En su libro ya citado, Descargo de conciencia, comentando la queja de los jóvenes españoles de que les tocaba formarse sin maestros, queja que él califica como un indicio de debilidad intelectual, le asigna un lugar destacado a la lectura como instrumento autoformador.

«El hombre intelectualmente ambicioso -escribe- siempre sabe buscar y encontrar, unas veces mediante el trato directo, otras a favor de la lectura atenta y dialogante, quien le enseñe lo que él necesita para volar con alas propias». Conociendo lo alto y lo lejos que voló Laín en el panorama intelectual, puede inferirse que fue un lector voraz, un adicto a la lectura.

Buena parte de su vida estuvo entregada al coloquio lectivo, advirtiendo que el suyo no fue un coloquio selectivo.

En alguna ocasión declaró paladinamente que leía con fruición cuanto caía en sus manos, a lo cual hay que añadir que sin importar el idioma en que estuviera escrito.
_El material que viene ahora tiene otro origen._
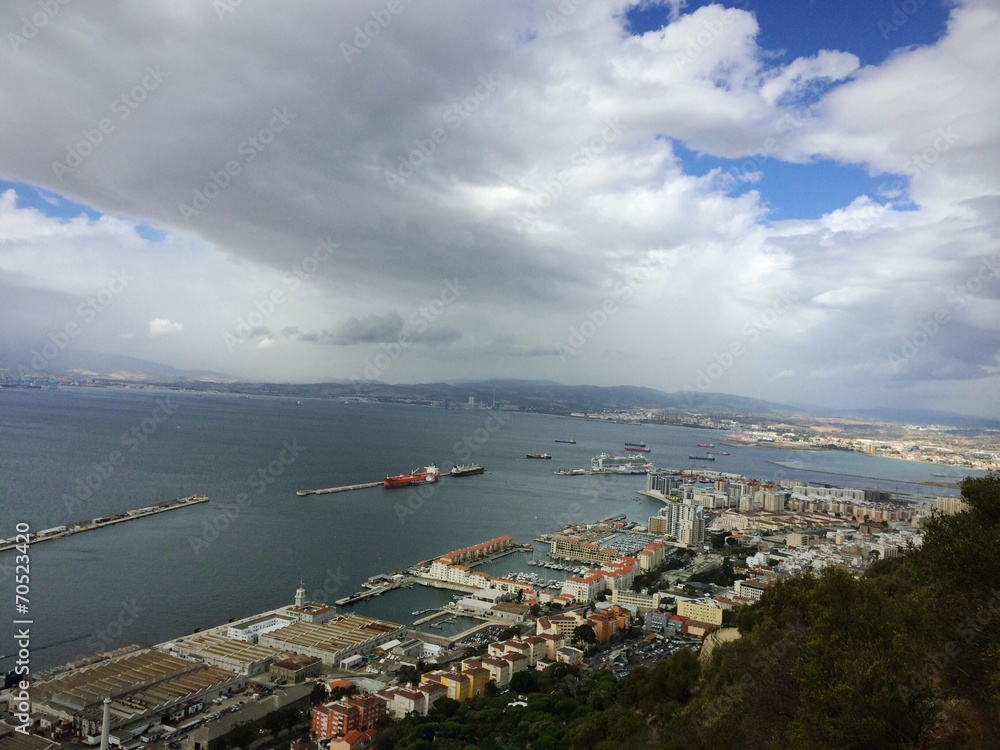 Blick vom Upper Rocks auf Hafen von Gibraltar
La extensa cultura de que hizo gala en sus escritos y en sus disertaciones orales lo hicieron merecedor al título de «docto», de «sabio». La capacidad de lectura, de entendimiento de la misma y, sobre todo, de almacenamiento de información, le sirvieron para destacarse como un intelectual diferente, como un verdadero portento. Utilizando un símil cibernético, puede decirse que las características del disco duro de su cerebro eran realmente asombrosas.

Laín, escritor

En su ensayo sobre la vida, obra y persona de don Gregorio Marañón, preguntaba Laín: ¿«Qué será de cada uno de nosotros en esa segunda existencia mundanal que bajo el nombre de «fama» comienza después de la muerte?».

Quien a su obra se haya acercado, y mejor aún, si en ella se ha adentrado, habrá de aceptar que en la segunda existencia que para don Pedro Laín Entralgo apenas comienza, irá a salir muy bien librado, por cuanto su admirable legado proyectará su nombre a lo largo del tiempo y las generaciones futuras lo tendrán como un paradigma intelectual de la humanidad.

Ignoro cuál fue en realidad la magnitud de su obra escrita. Alguien hará algún día el inventario, al igual que se hizo con Marañón. Pero es fácil suponer que fue ingente, pues él mismo, 43 años antes de su muerte -oígase bien, 43 años antes- confesaba que había escrito muchas páginas, quizás excesivas. Por su prodigiosa fertilidad, no sería de extrañar que el inventario pusiera de presente que pocos autores, de todas las épocas, lleguen a superarlo.

En su libro Mis páginas preferidas, definió que su producción escrita estaba circunscrita a cuatro temas: la historia del saber médico, la antropología general, la preocupación por España y sus problemas, y, por último, la crítica intelectual y literaria. En conjunto, una labor consagrada al conocimiento teorético de la realidad, a la búsqueda, conquista y expresión de la verdad, como él concebía el papel del intelectual, plasmada en libros, revistas y periódicos.

Es válido aceptar que Laín fue un escritor para minorías y, en veces, sólo para eruditos. Un viejo librero de Bogotá me confió que sus escritos eran de difícil consecución -como en efecto lo son- por su escasa salida, vale decir, por carencia de lectores.

Esto, creo, no demerita su condición de escritor; al contrario, pone de presente la profundidad de su cultura. Contados son sus libros que pueden leerse de corrido. Para quienes no somos doctos humanistas, lo común es que se haga inevitable la consulta de diccionarios, pues el autor hace gala de una gran solvencia idiomática.

Las repetidas citas en griego, latín y alemán, y menos en inglés, francés e italiano, como también las constantes anotaciones a pie de página, hacen lenta la lectura.

En español emplea mucha palabra de circulación restringida, y a veces neologismos de su propio magín, lo que recuerda a nuestro Luis López de Mesa. Sin embargo, quien a su obra se aproxime con paciencia y con afinidad por los temas que trata, encontrará en ella maná para mucho tiempo.